Am Lehrstuhl FAPS werden mithilfe eines fünfachsigen Fertigungssystems mechatronisch funktionalisierte Ostereier gedruckt. Die mechanischen Grundkörper werden durch Fused Deposition Modeling (FDM) aus PLA aufgebaut. Die innen- und außenliegenden Leiterbahnen werden im kontaktlosen PiezoJet-Verfahren mit Silberleitpaste gedruckt. Zudem werden durch eine Vakuumpipette 28 elektronische Bauelemente im Inneren und auf der Außenhülle der Demonstratoren bestückt. Alle drei Fertigungsverfahren sind in einem einzigen CNC-System integriert, welches somit die automatische Herstellung mechatronisch integrierter Schaltungsträger (3D-MID) ermöglicht.
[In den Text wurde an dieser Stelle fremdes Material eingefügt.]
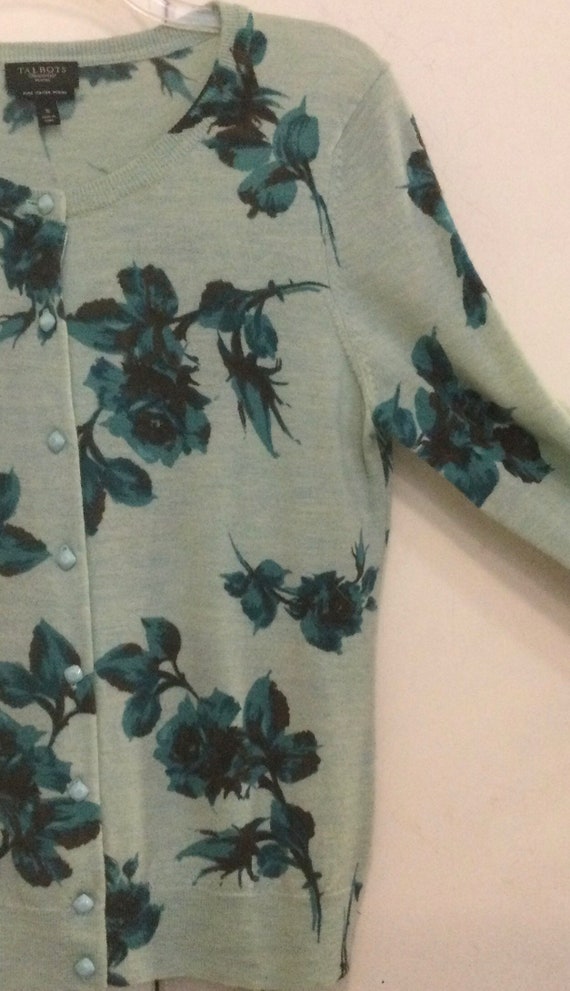 Blue Floral Print Cardigan Sweater Pair/Talbots &… - image 7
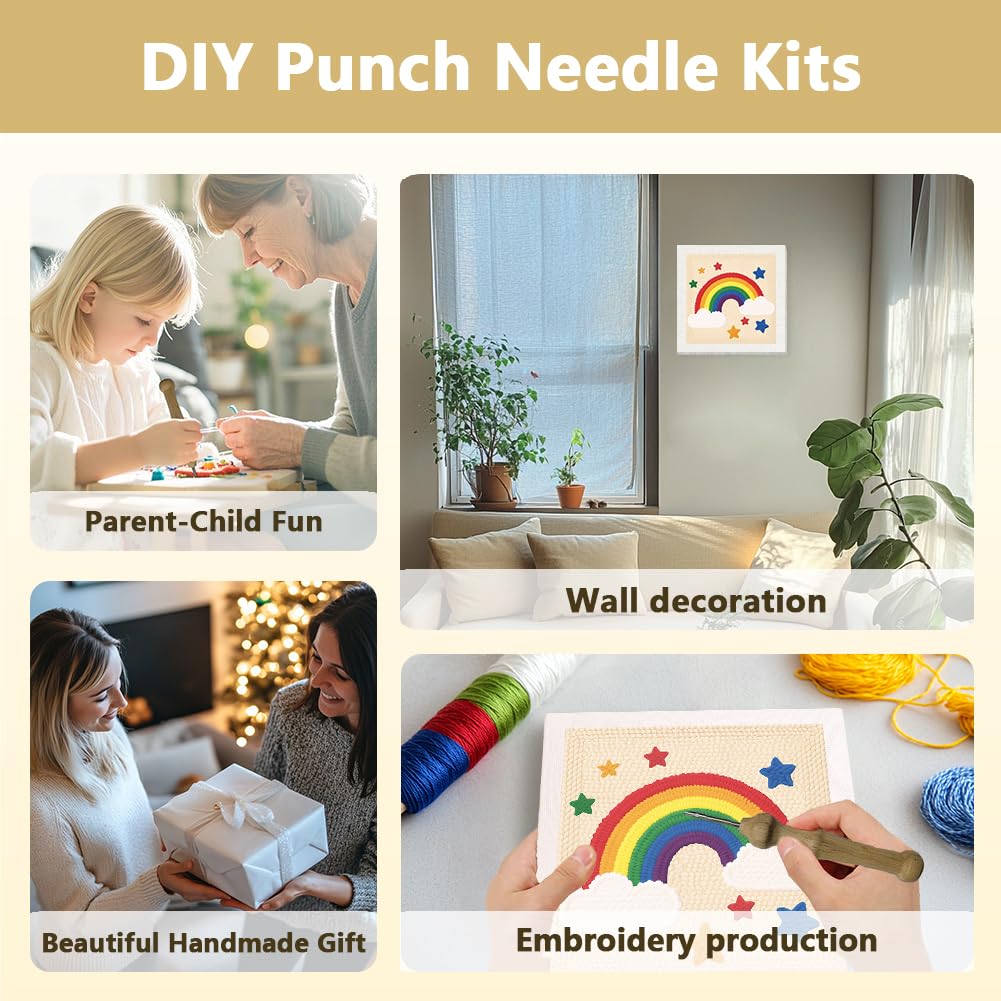 DOODLREAM Cartoon Rainbow DIY Punch Needle Embroidery Kit for Adult Beginner 24 cm Punch Stitching Craft Set for Starter with Frame Fabric Pattern - Image 4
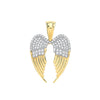 Cubic Zirconia Necklace - Y/G Cz Large Angel Wings Pendant - by Hearts Forever Jewellers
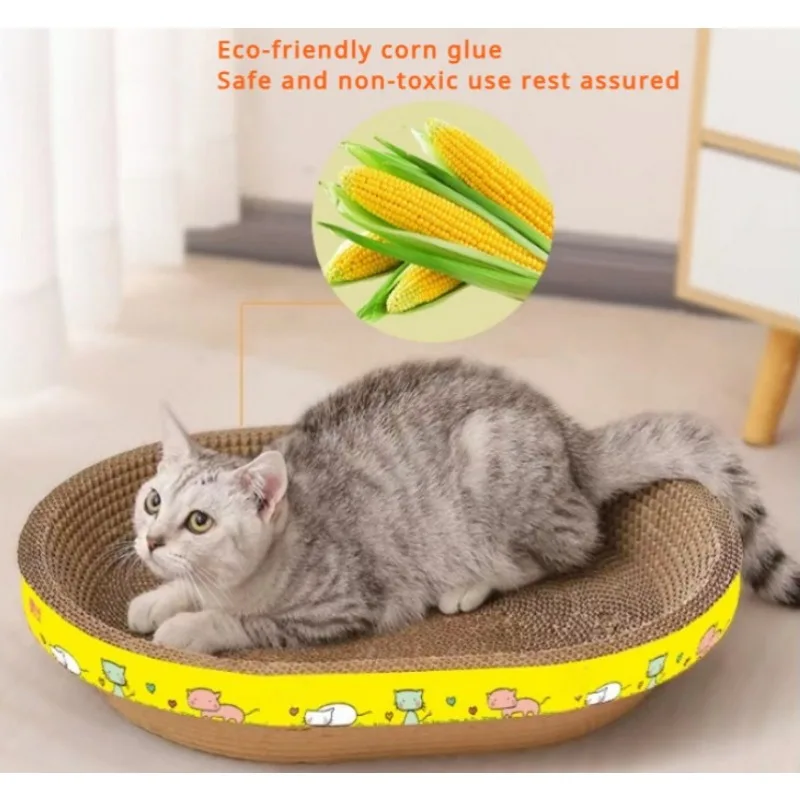 

Amusing Cat Scratching Board, Protect Furniture, Grinding Claw Toys, Oval Corrugated Paper, Wear-Resistant Cat Nest, Cat Accesso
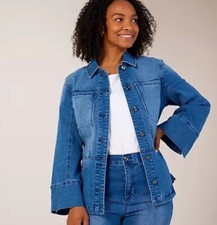 Marla Wynne Denim Peplum Jacket With Bell Sleeves Medium Indigo Size Medium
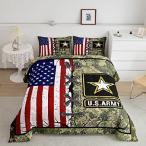 American Flag Comforter Set Queen for Adult Boys Army Green Camo Down Comforter Kids Men Vintage USA Flag Quilted Duvet Youth Girls Retro Military Cam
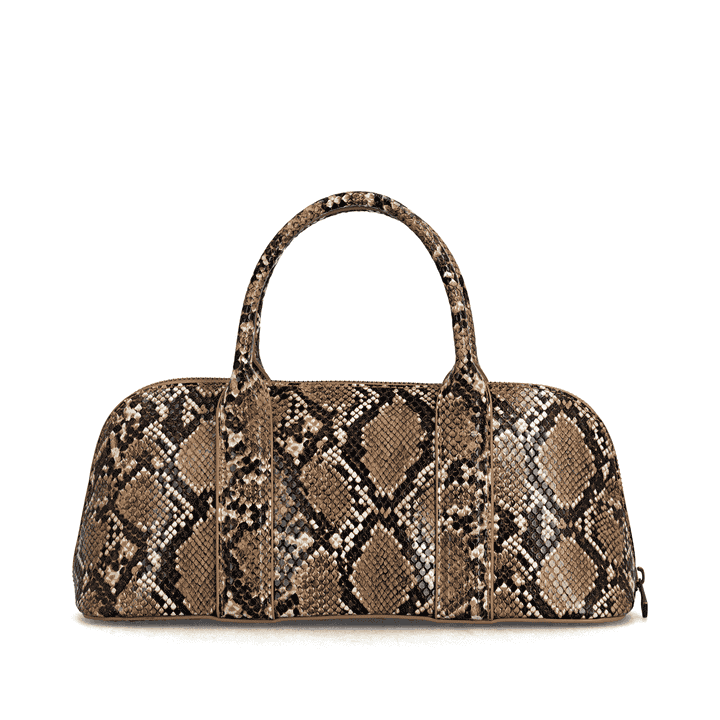 Sac à main remonte Q0673-25 avec motif serpent avec poignée de transport, bandoulière et poche intérieure. Arrière.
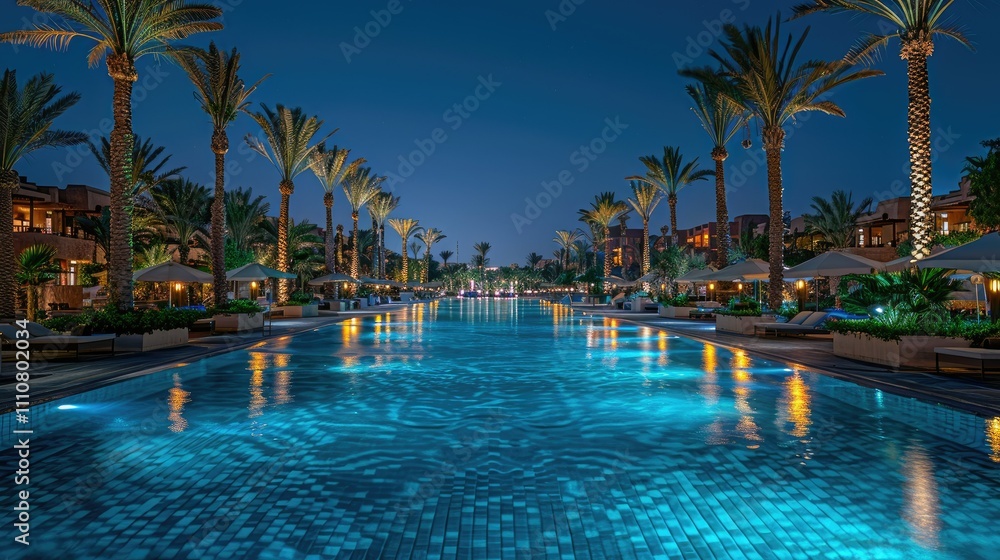 A serene poolside view at dusk, surrounded by palm trees and elegant lounge areas. A serene poolside view at dusk, surrounded by palm trees and elegant lounge areas.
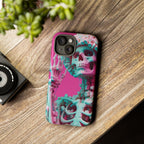Neon Pink Skeleton Tough Phone Case for iPhone, Galaxy and Google Pixel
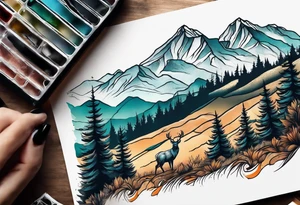 mountain with small deer tattoo idea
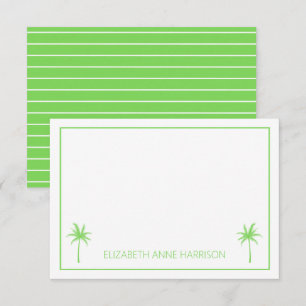 Green and White Palm Trees and Stripes Card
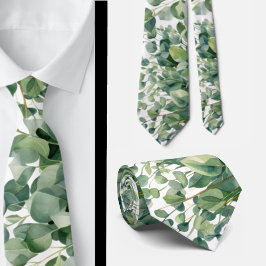 Eucalyptus Greenery Classic Formal Floral Neck Tie Krawatte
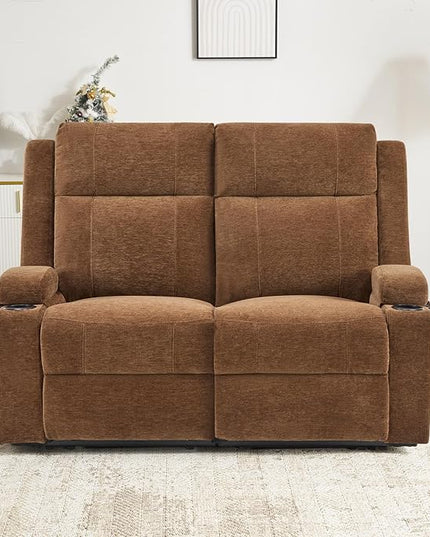 Loveseat Recliner, Loveseat Sofa with Adjustable Footrest, Wall Hugger Recliner for Living Room & Home Theater & RV(Brown)
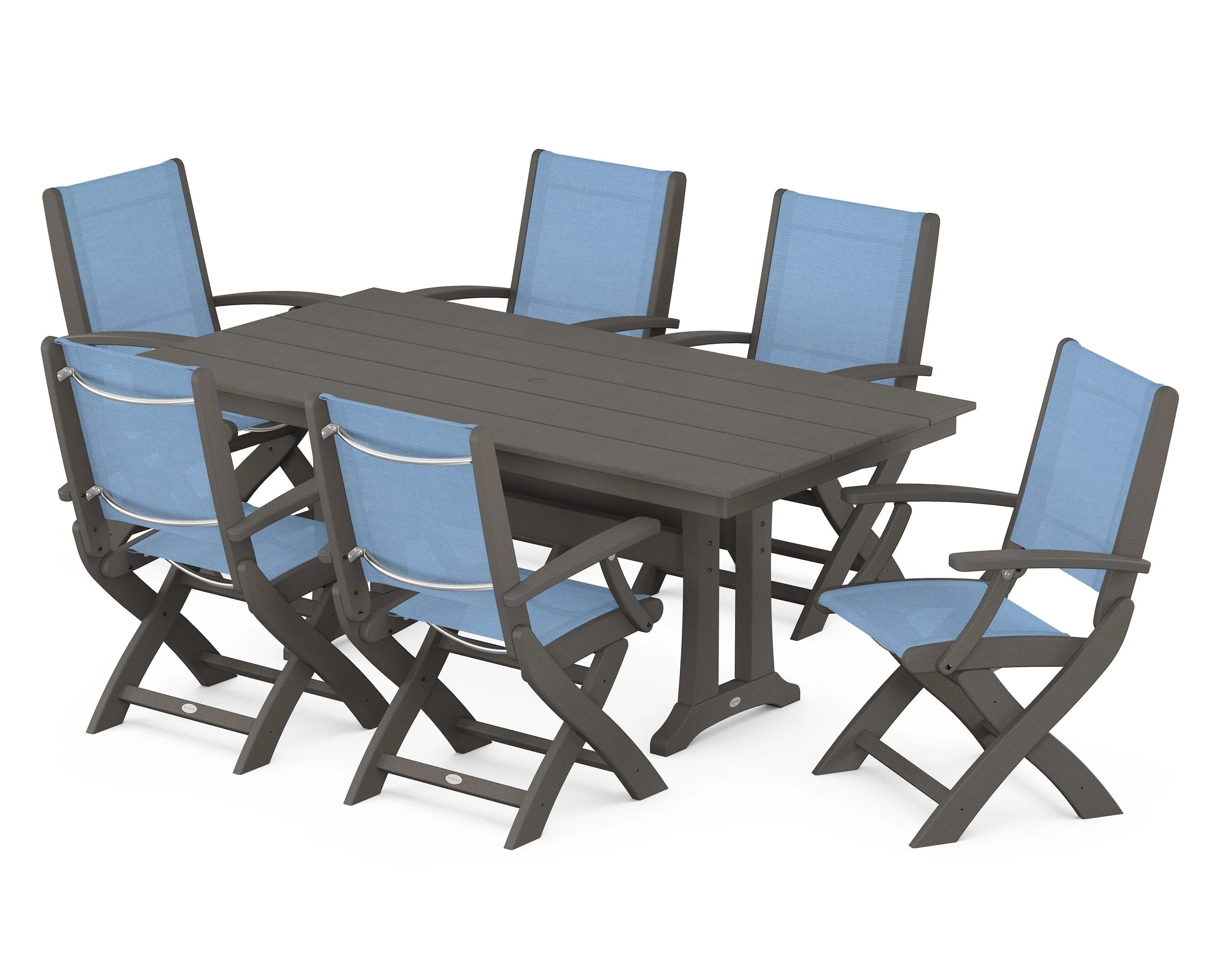Coastal Folding Arm Chair 7-Piece Farmhouse Dining Set with Trestle Legs - Image 35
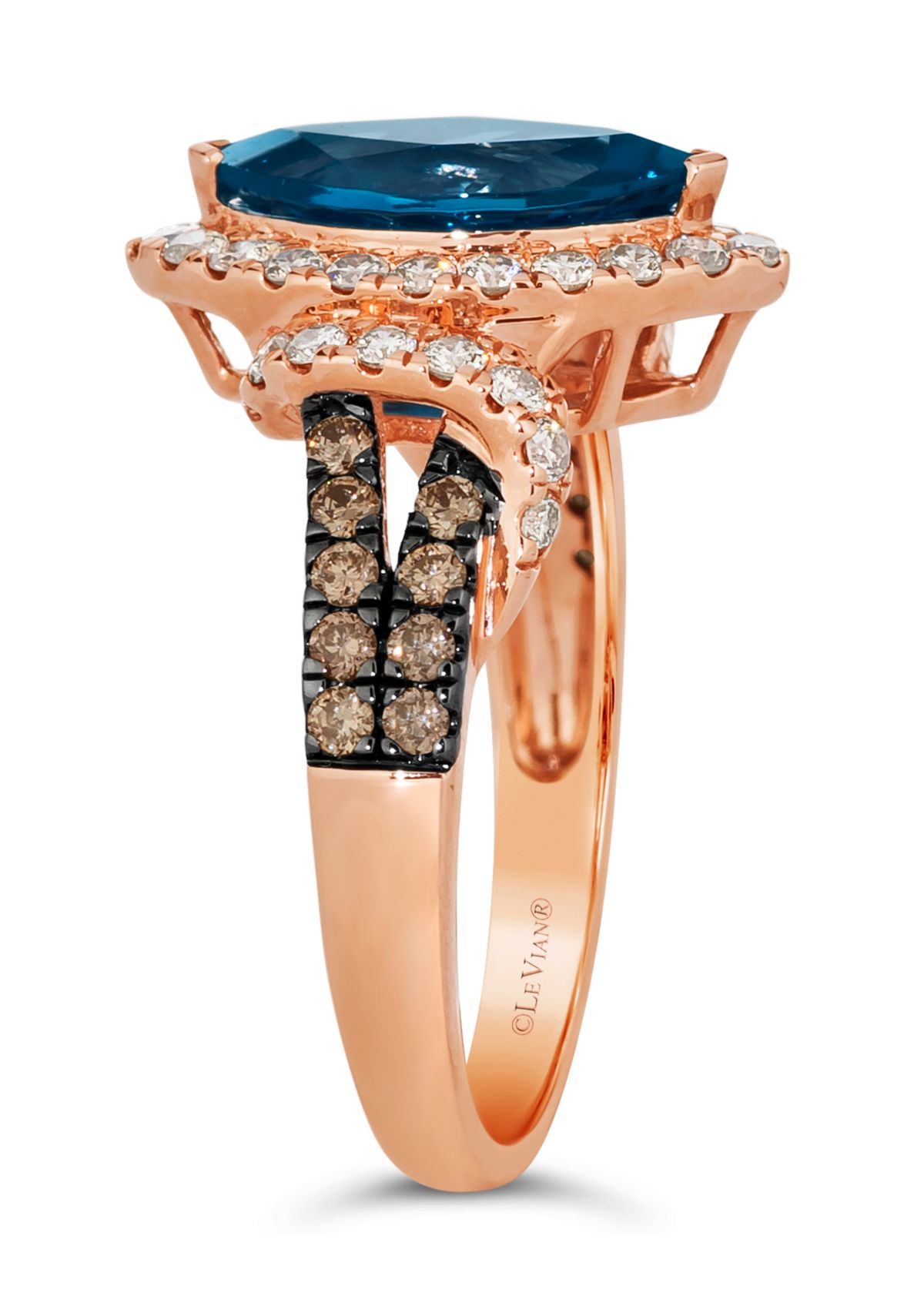 1.75 ct. t.w. Deep Sea Blue Topaz™, 1/2 ct. t.w. Nude Diamonds™, 1/4 ct. t.w. Chocolate Diamonds® Ring in 14K Strawberry Gold®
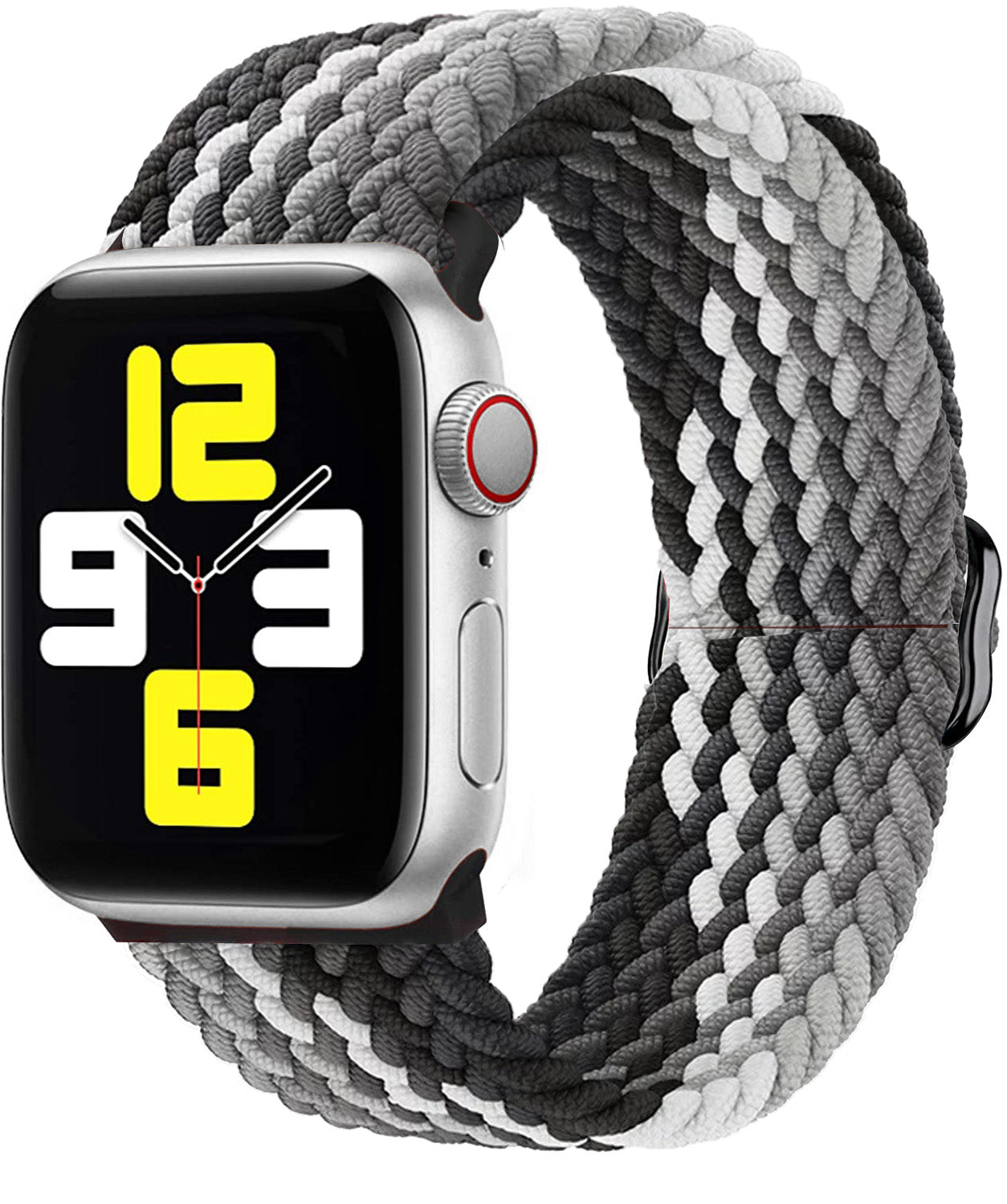 Luxus Nylon geflochtene Solo-Schlaufe für Apple Watch Armband 45mm 44mm 40mm Serie 9 8 7 6 5 4 SE2 Ultra | Verstellbares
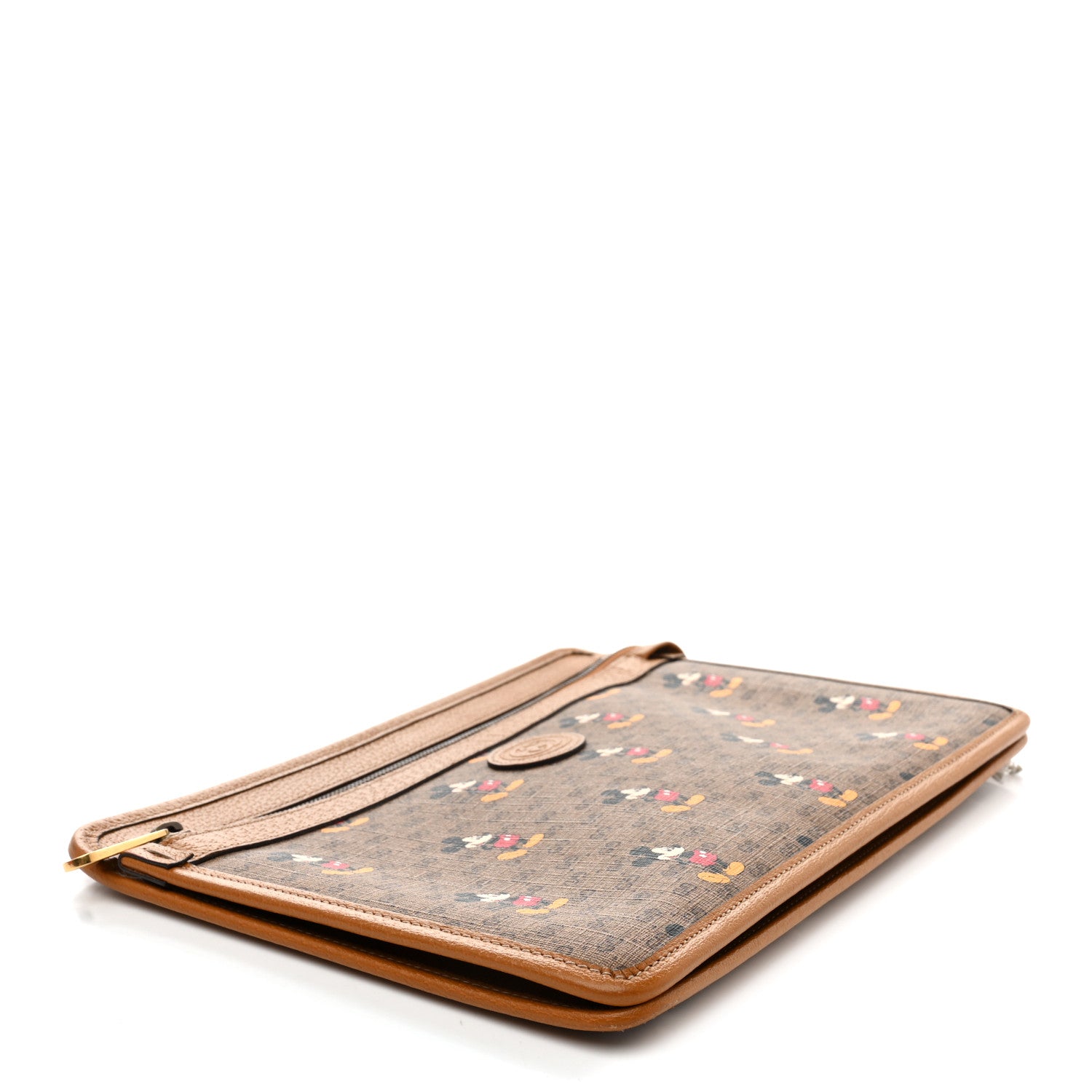 Gucci X DISNEY Mini Vintage GG Supreme Monogram Mickey Mouse Documents Holder Beige Vintage Sun Oil 4 of 7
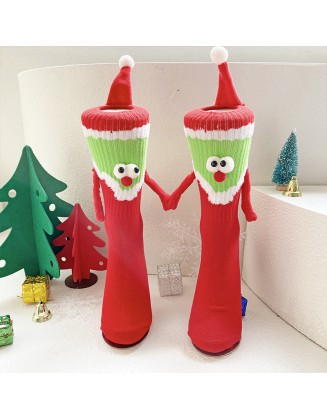 Big red magnetic Christmas hand socks female couple New Year long tube cotton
Die Eier besitzen eine integrierte Timer-Funktion, die durch Berühren der oberen Kontaktflächen aktiviert wird. Die LED-Ringe zeigen die verbleibenden Minuten an und erlöschen nach Ablauf der entsprechenden Zeit. Zusätzlich gibt ein Piezosummer ein akustisches Signal aus. Die Energieversorgung erfolgt durch zwei Knopfzellen, die auf der Unterseite der Demonstratoren eingelegt werden. Mithilfe einer Röntgenaufnahme können die eingebetteten Bauelemente und Leiterbahnen sichtbar gemacht und überprüft werden.

15.04.2019: Neue Mitarbeiterin am Lehrstuhl FAPS | Meike Herbert, M.Sc.

Meike Herbert verstärkt seit dem 15.04.2019 den Forschungsbereich Biomechatronik als wissenschaftliche Mitarbeiterin.

Sie absolvierte den Studiengang Maschinenbau an der Friedrich-Alexander-Universität Erlangen-Nürnberg. In ihrer Masterarbeit beschäftigte sie sich mit der Entwicklung und Validierung eines Konzepts zur Regelung von Industrierobotern durch maschinelles Sehen zur Kompensation von Toleranzen.

Im Rahmen ihrer neuen Tätigkeit wird sich Frau Herbert mit dem Thema „E|Syncrobot – Sichere Sensoriken für autonome Routenzüge“ beschäftigen.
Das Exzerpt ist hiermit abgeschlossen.